俺は出来ない、そんな事を言う資格があるのは、死ぬ気で努力して、工夫した人間だけだ。

 

「俺にも、出来る事があるのか…?律。」

 

俺はそう聞いた。

 

「はい、きっとあると思いますよ。」

 

律はそう言う。そして数分間、読み込み中の画面が表示された後、律はある資料を表示した。

 

「これは…」

 

そこには様々な

 

「某組織から入手した、触手移植者にみられる影響をリストアップしたファイルです。

 

流石に国家機密の研究機関の情報だけあって、探すのは大変でしたが、

 

偶然にもどこかへ流出していた模様です。」

 

俺はずっと考えてた。どうやれば茅野を触手から救えるか。あのリストも参考に。

 

俺はイトナの事例を思い出した。強さへの病的な執着の影響で、

 

強さを求め続け、触手を手放そうとせず何度も暗殺を試みたイトナ。

 

彼は寺坂達のバカな行動…もとい必死の説得により、自分が焦っていた事を悟り、

 

彼は触手を手放した。

 

「耐え切れない、次のビジョンが出来るまで、俺は何をして過ごせばいいんだ!」

 

勝利を得られず焦っていたイトナに、寺坂が言い放った言葉は忘れられない。

 

「…今日みたいにバカやって過ごすんだよ。

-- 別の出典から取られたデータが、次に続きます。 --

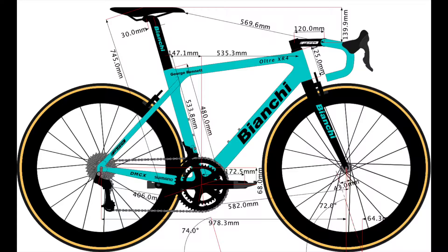The bottom bracket drop is 68 millimeters, and the chainstay is 406 millimeters. Looking at the frame design, it is what used to be a classic type of design — not a big BB drop. Nowadays most American brands have in the ballpark of 70, 72, 74 millimeters drop for a frame of this size, so it is not optimized for aerodynamics — it's kind of classic.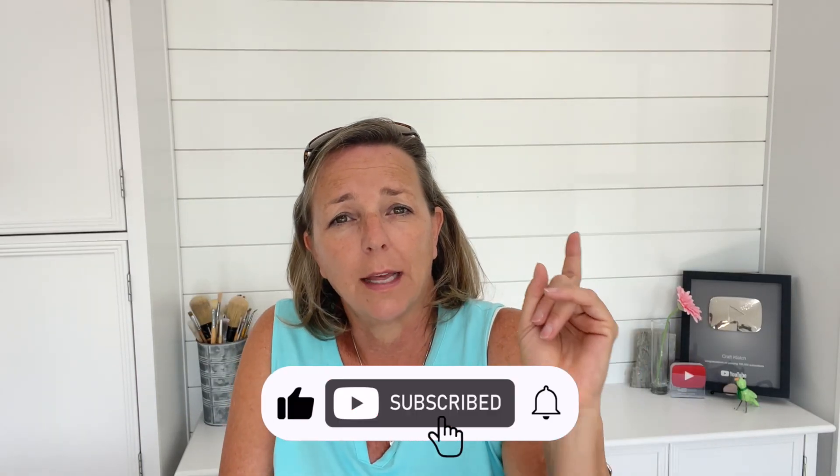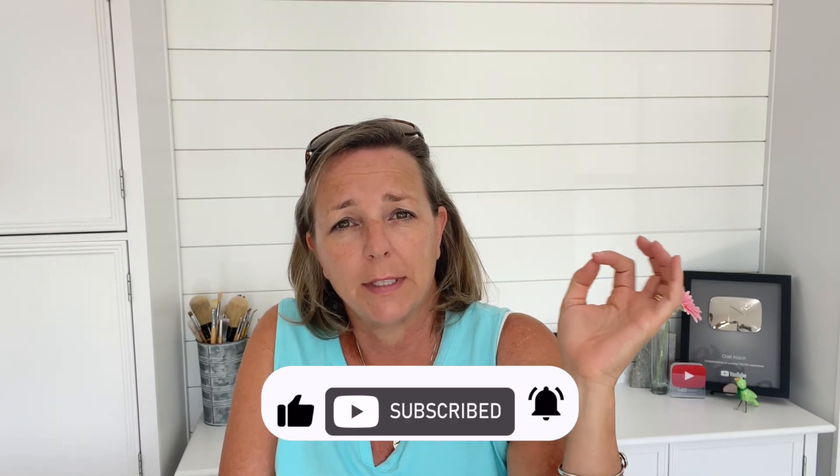I had asked you guys what color I should do the table, and I had one color that got suggested more often than any others, and that's the color I painted it. Let me know if you guessed right, if you suggested it, and what you think of the color when it's all finished.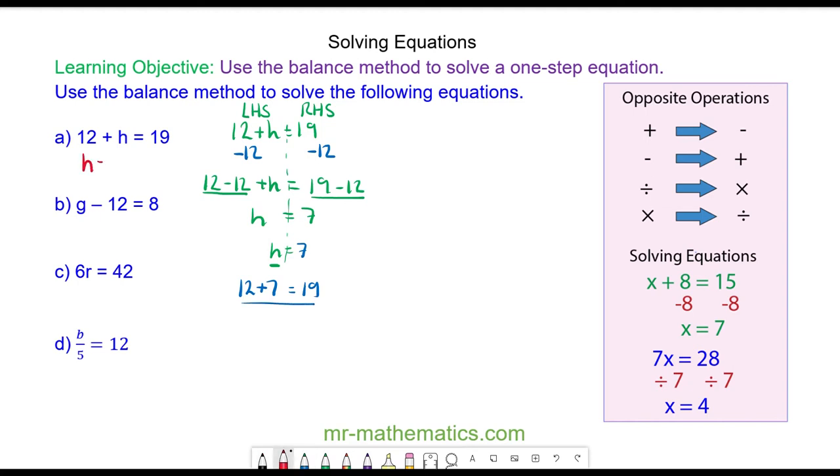So H is equal to 7. For question B we have G minus 12 is equal to 8. I'm going to draw a vertical line through the equal sign. To solve it means I want to work out the value of G. I need to make this negative 12 equal to 0 so it is off the left hand side, so I'm going to add 12 to both sides. We have G take away 12 plus 12 is equal to 8 plus 12. The negative 12 add 12 will make 0, so we're left with G, which is equal to 8 add 12, which is equal to 20.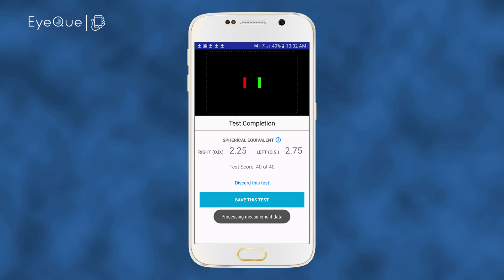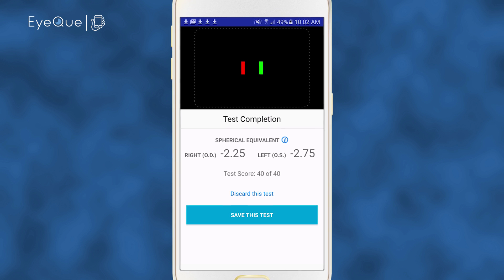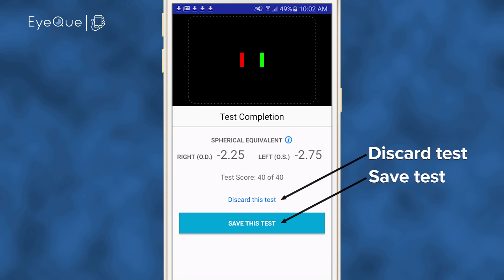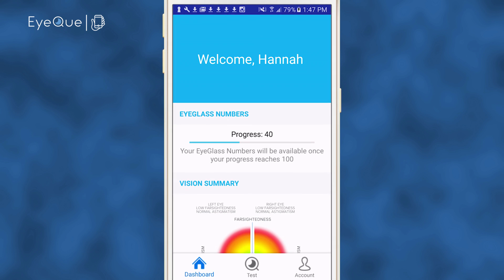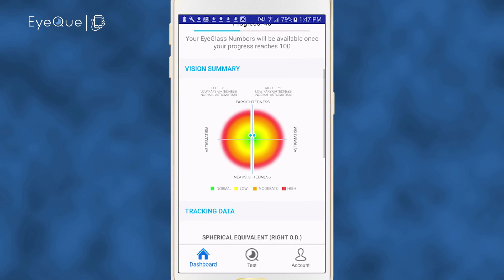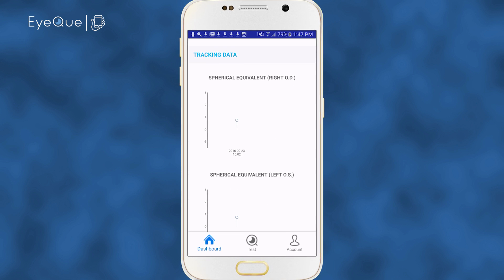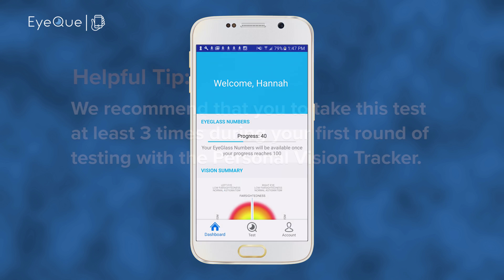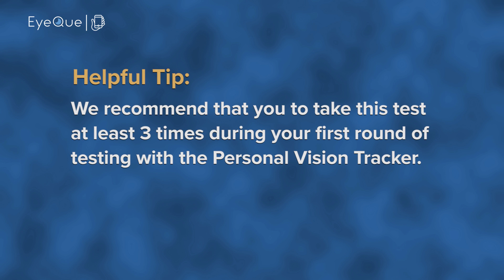Now the test completion screen appears with the first indication of your vision. There's also a test score which shows how well you performed on the test. You can discard the test or click Save this test. You'll return automatically to the dashboard where your initial test results and progress score will be displayed. We recommend that you take this test at least three times during your first round of testing with the Personal Vision Tracker.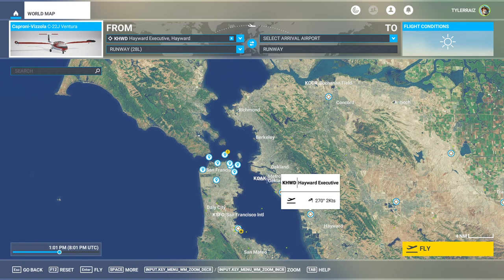Hello everyone, and welcome back to Flights in 2020, where I'm going to take a look at the Caproni Vizzola C22J Ventura from Mario Noriega Designs. It was recently put on sale — it'll be on sale for most of this month. That's pretty generous considering its base price was nine euros, so it was rather affordable to begin with.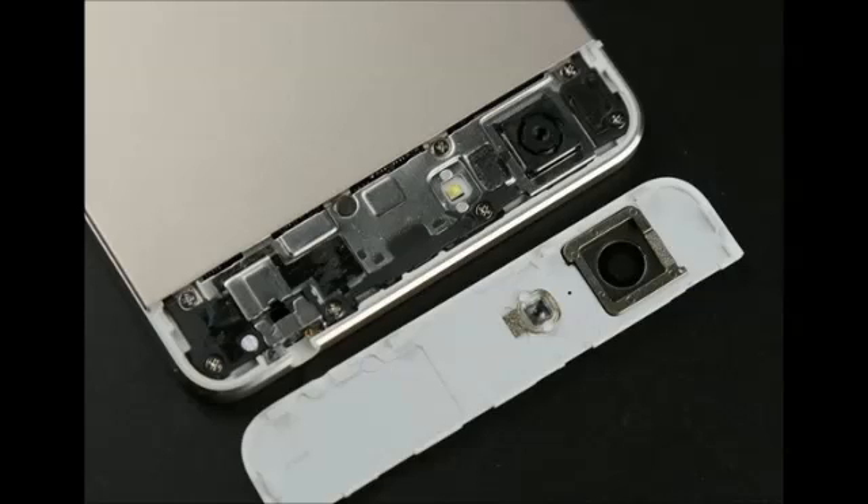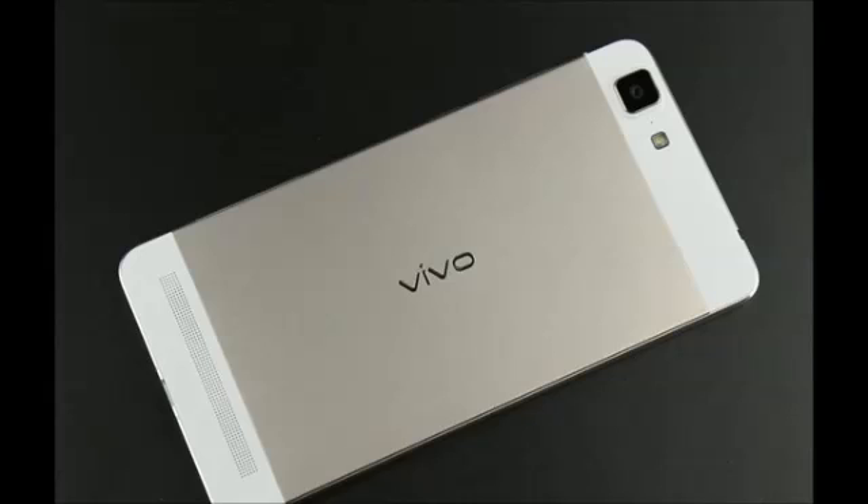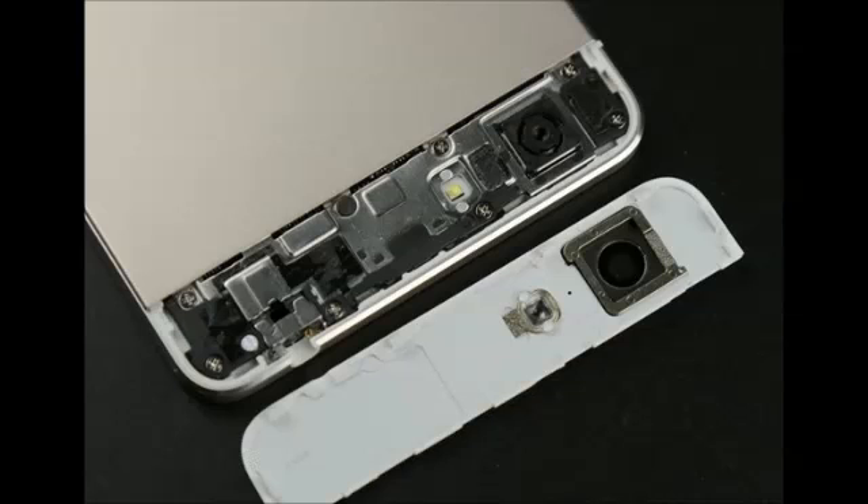Although it's not technically the thinnest phone on the market — as it's only been unveiled, not launched yet — the dual SIM Vivo X5 Max will steal Oppo R5's throne once it lands on the shelves, with its extremely thin unibody: 4.75mm at its fattest point and just 3.98mm at the thinnest one.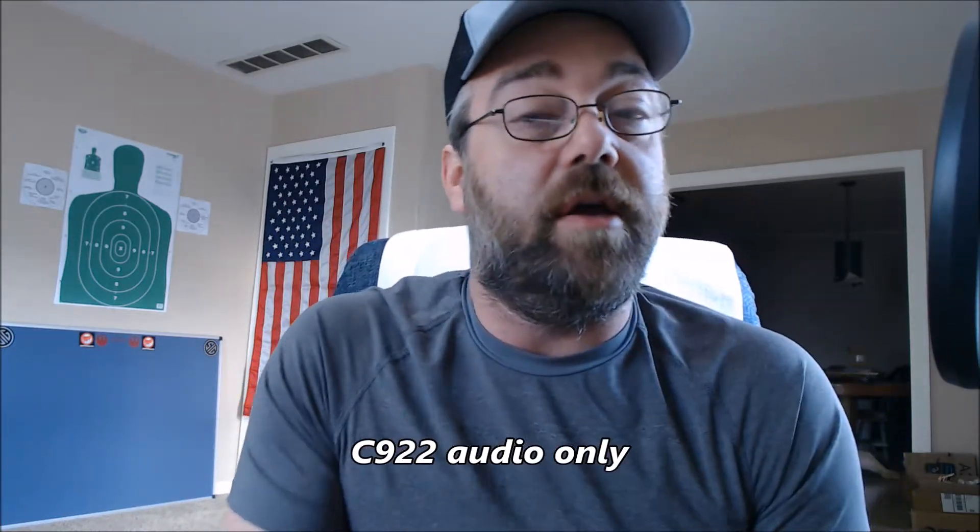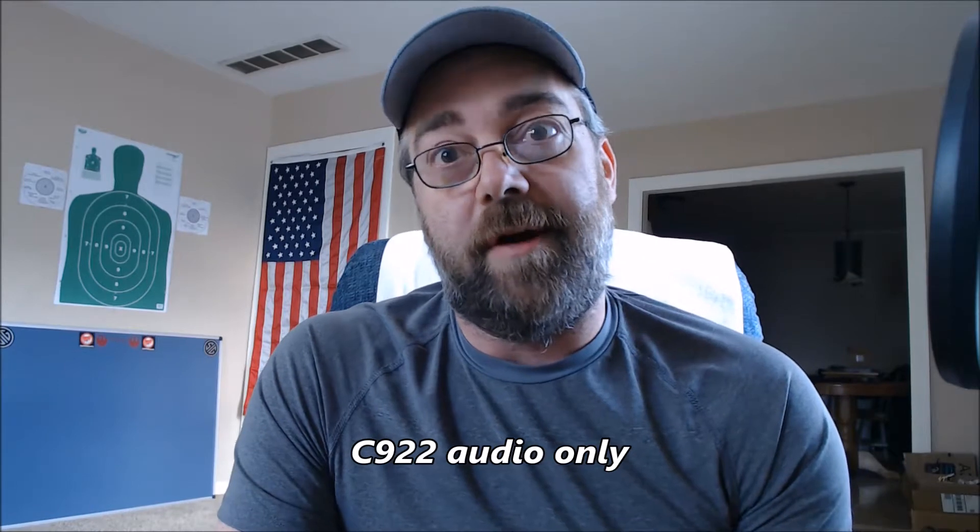Hopefully this is with the audio. If not, oh well, sorry. Anyway, as always, keep the magazines loaded and one in the chamber.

その為に俺らE組がいるんだから。」

 

普通に聞いたら呆れ果てるセリフだが、あの時は確かな説得力があった。

 

話を元に戻そう。

 

イトナの時のように上手くいくか、恐らくそうはいかない。

 

イトナは力への執着があったから、殺せんせーを倒せず焦っていた。

 

別に殺せんせー本人が憎いわけではない。ただ「強い」という理由だった。

 

だが茅野は違う。事情はどうあれ、殺せんせーを「姉の仇」として認識している。

 

触手使用者の殺意が増大するとどういう状態になるかは、あのリストに書いてあった。

 

神経と密接にリンクして動かす為、触手のパワーに引きずられる形で神経が異常興奮を示す

 

事例がある、と。

 

恐らくそうなったら説得も何も通じない、とにかく殺意を失くすしかない。

 

その為には何が必要か。俺は思い出す。考えられるあらゆる可能性を想定して、

 

武器も有効だと思われるもの全て。

 

どんな苦労も厭わない、茅野を救う為なら。

 

万全を期して、最善を尽くした、律の協力の元情報収集もやった。

 

そうして準備をして、迎えた運命の時、皆がすすき野原に集まる。

 

そこには、茅野が立っていた。

 

茅野は周りを見回してこう言った。

 

「来たね、じゃあ終わらそ!」

 

運命の時が、今、やって来た。l




律がどっかのエ◯みたいだ。両方とも電脳世界にのみ存在するし、
無気力な主人公を叱咤してるし。